Upland Input: Surface and subsurface runoff.

Interception: Vegetation canopy and litter layer interception.

• Interception computed using modified form of Thomas & Beasley (1986) equation. Variables that determine interception amount are: LAI, canopy storage capacity, and rainfall amount.
• Precipitation falling through the canopy is available for litter interception. Litter interception is a function of litter storage capacity and litter layer depth.

Evaporation and transpiration:

• Evapotranspiration is computed in two stages. Intercepted water on the vegetation canopy evaporates first.

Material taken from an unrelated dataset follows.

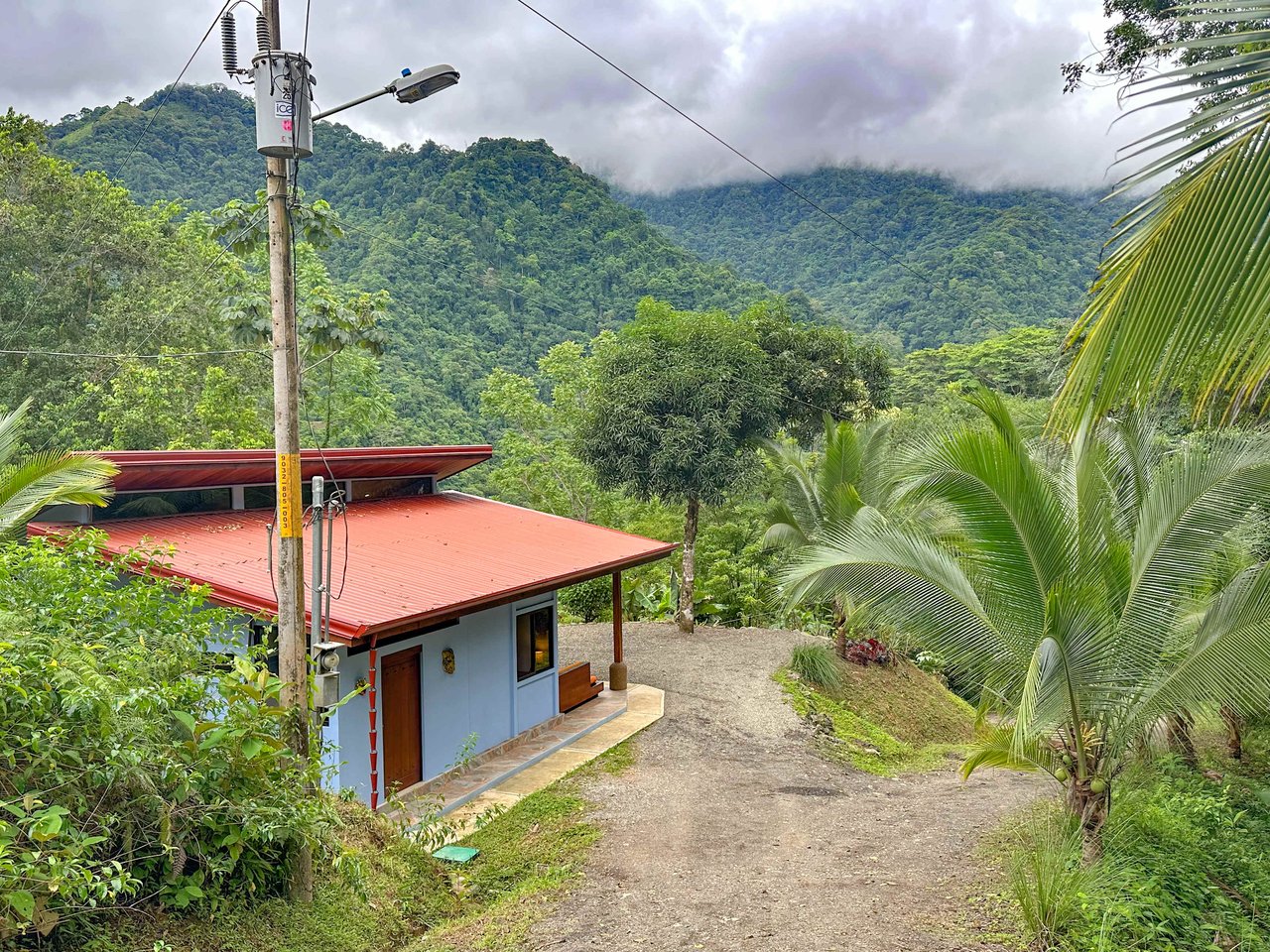 Multi-Home Luxury Estate, With Jungle, Mountain And Ocean Views, Private Waterfalls And Orchards On 71 Acres In Gated Community!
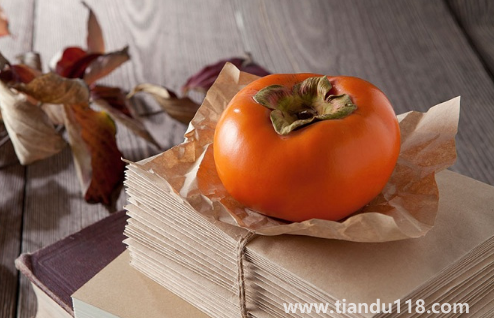 硬柿子里面有密密麻麻的黑點能吃嗎(柿子怎么看壞沒壞)(圖3) 硬柿子里面有密密麻麻的黑點能吃嗎3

Transpiration proceeds after all intercepted water is lost.
• Potential evapotranspiration is computed using a modified form of the Penman-Monteith equation (Running & Coughlan, 1988).
• Transpiration losses are controlled by stomatal resistance.
• Radiation that reaches the mineral soil surface drives the soil surface evaporation. Soil evaporation is computed in two stages following Gardner & Hillel (1962).
• The extinction of radiation through the vegetative canopy is computed using Beer-Lambert Law.

Infiltration and vertical drainage:

• Infiltration is computed using the modified form of Green-Ampt equation (Stone et al., 1994).
• Vertical drainage occurs when soil moisture exceeds the field capacity of a soil layer.
• Influence of a shallow water table on soil moisture of an overlaying soil layer is considered.
• Upward flux from the shallow water table to meet evapotranspiration losses from overlaying soil layers is simulated using the Darcy-Buckingham equation as decsribed by Skaggs (1978).

Surface runoff:

• Surface runoff forms simulated - infiltration excess, saturation excess, and return flow.
• Surface runoff entering the riparian area from upland contributing areas is routed downslope.

Subsurface flow:

• Lateral subsurface flow is assumed to occur when soil moisture exceeds the field capacity and there is sufficient hydraulic gradient to move the water.
• Lateral flow is simulated using Darcy's equation.
• Lateral subsurface flow can be released as return flow if the soil profile downslope is already saturated.